Todavia, adotou esta posição: não só com omissão de qualquer despacho prévio de aperfeiçoamento, nos termos do art.590º/2-b), 4 a 6 do C. P. Civil, em relação aos factos que julgasse insuficientes e pudessem ser desenvolvidos para compreender a existência ou não de alegação de interesse coletivo e público (nomeadamente, a importância coletiva do acesso aos prédios, aos caminhos e ao trânsito geral alegado como realizado e a necessidade do caminho, nomeadamente com clarificação da área da freguesia servida com o caminho- prédios, caminhos e necessidades); mas também com omissão de audição das partes sobre o sentido da decisão, não previamente discutida.
Sendo exigível que o Tribunal a quo tivesse ouvido as partes sobre as insuficiências concretas de alegação que entendia terem ocorrido e poderiam comprometer a procedência da ação, antes da prolação de uma decisão de mérito (face ao referido quadro da discussão de facto e de direito realizada nos articulados e à posição restrita que viriam a adotar mediante os factos alegados e controvertidos), nos termos do art.3º/3 do C. P. Civil (passível de concretizar nos termos do art. 591º/1- b) ex vi do art.597º/b) do C. P. Civil), a omissão deste contraditório constitui uma irregularidade passível de afetar a decisão e, nessa medida, uma nulidade, nos termos assinalados do art.195º do C. P. Civil.

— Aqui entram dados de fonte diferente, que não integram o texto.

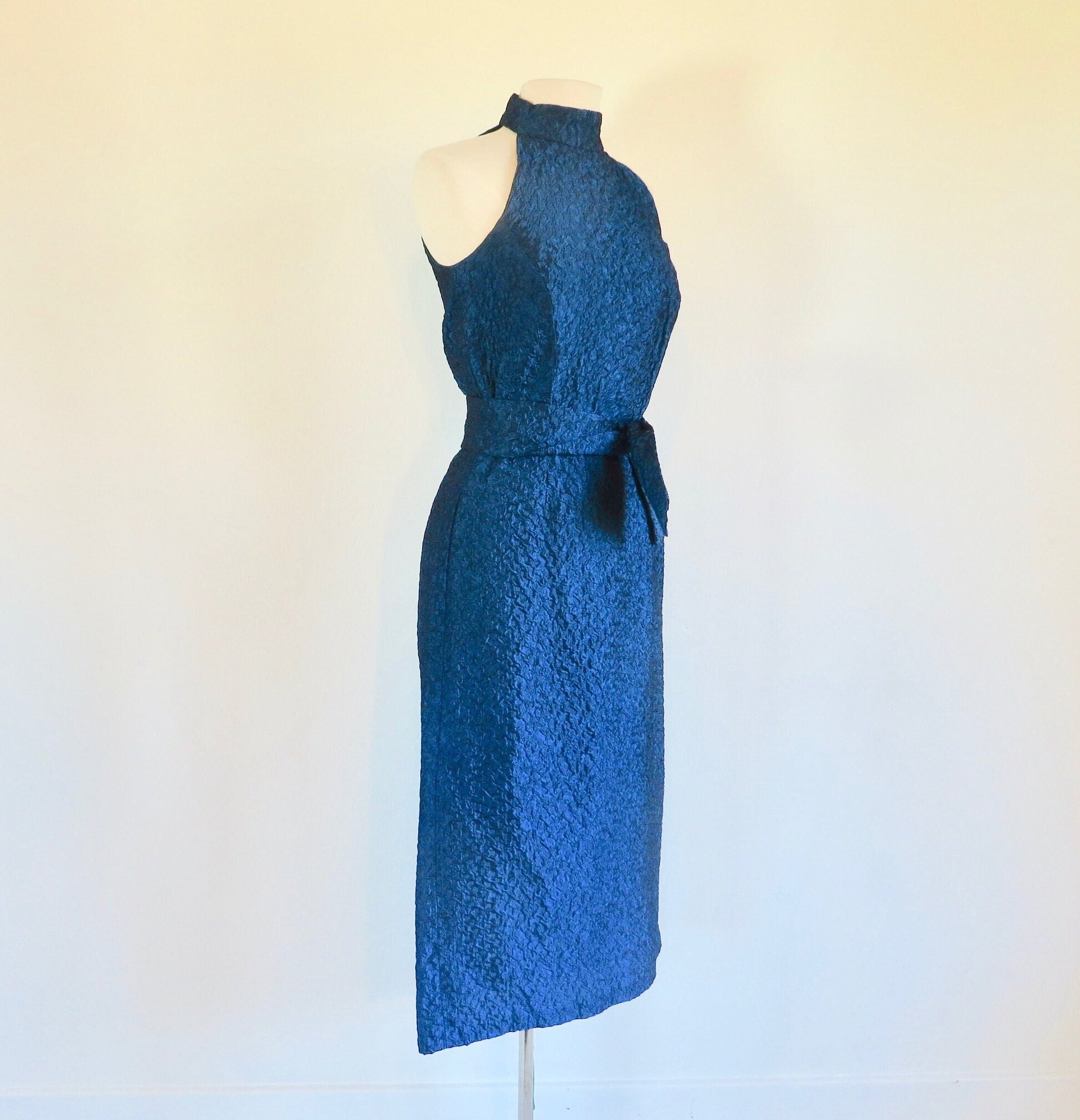 90s Cobalt Blue Jacquard Sheath Dress: Sleeveless Midi Cocktail Party Dress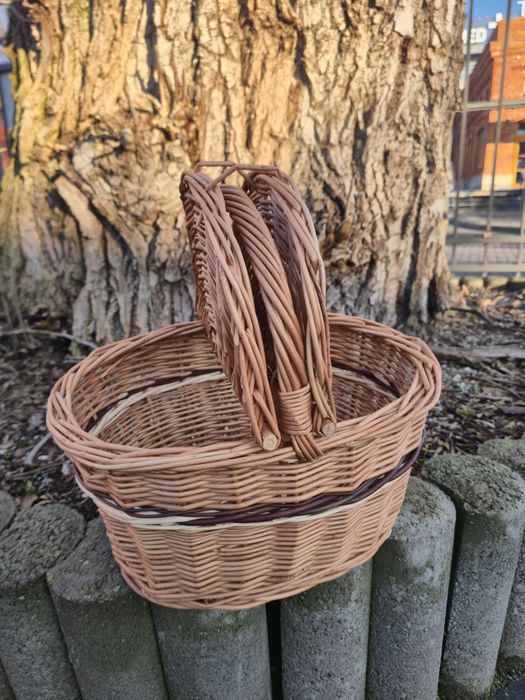 Ręcznie plecione koszyki wiklinowe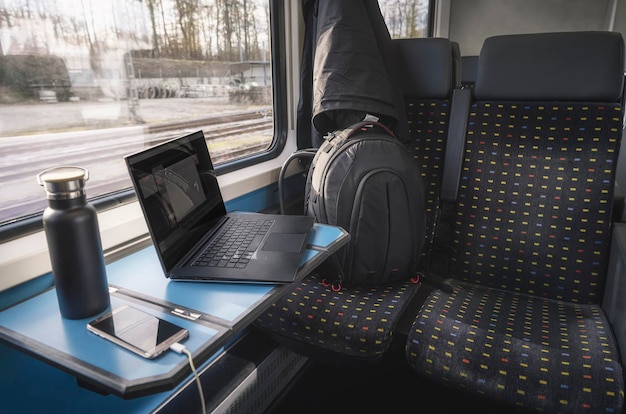 Intérieur de train suisse avec technologie moderne Concept de voyage en train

Reconhecendo-se esta nulidade, deve anular-se a decisão proferida com essa falta, nos termos do art.195º do C. P. Civil.
Esta anulação exige que a tramitação subsequente do processo ocorra na 1ª instância: para cumprimento do contraditório em falta (sem prejuízo do Tribunal a quo proceder previamente, ainda, ao convite ao aperfeiçoamento do art.590º/2-b), 4 a 6 do C. P. Civil, caso julgue conveniente face aos factos alegados); para determinar os termos subsequentes da lide, entre os despachos previstos no art.597º do C. P. Civil, que forem adequados aos factos alegados e controvertidos e às posições que vierem a ser assumidas pelas partes nas respostas a esse(s) despacho(s) prévio(s), de acordo com o critério das soluções plausíveis das questões de direito.».

6.2. Decidiu:
«Pelo exposto, as juízes da 1ª Secção Cível deste Tribunal da Relação de Guimarães:
1. Reconhecem a nulidade processual de preterição do contraditório quanto ao conhecimento do mérito da causa na fase de saneamento do processo, julgando-se anulada a decisão recorrida subsequente.
2. Determinam que o processo desça à 1ª instância para cumprir o contraditório em falta (sem prejuízo da prévia operância do despacho do art.590º/2-b), 4 a 6 do C. P. Civil), e termos subsequentes da lide, entre os despachos previstos no art.597º do C. P. Civil.».
7. Descido o processo à 1ª instância, a 03.11.2021 foi proferido despacho a convidar: a autora a alegar «(…) factos que (…) pudessem ser desenvolvidos para compreender a existência ou não de alegação de interesse coletivo e público (nomeadamente, a importância coletiva do acesso aos prédios, aos caminhos e ao trânsito geral alegado como realizado e a necessidade do caminho, nomeadamente com clarificação da área da freguesia servida com o caminho- prédios, caminhos e necessidades);»; os réus a cumprirem o contraditório.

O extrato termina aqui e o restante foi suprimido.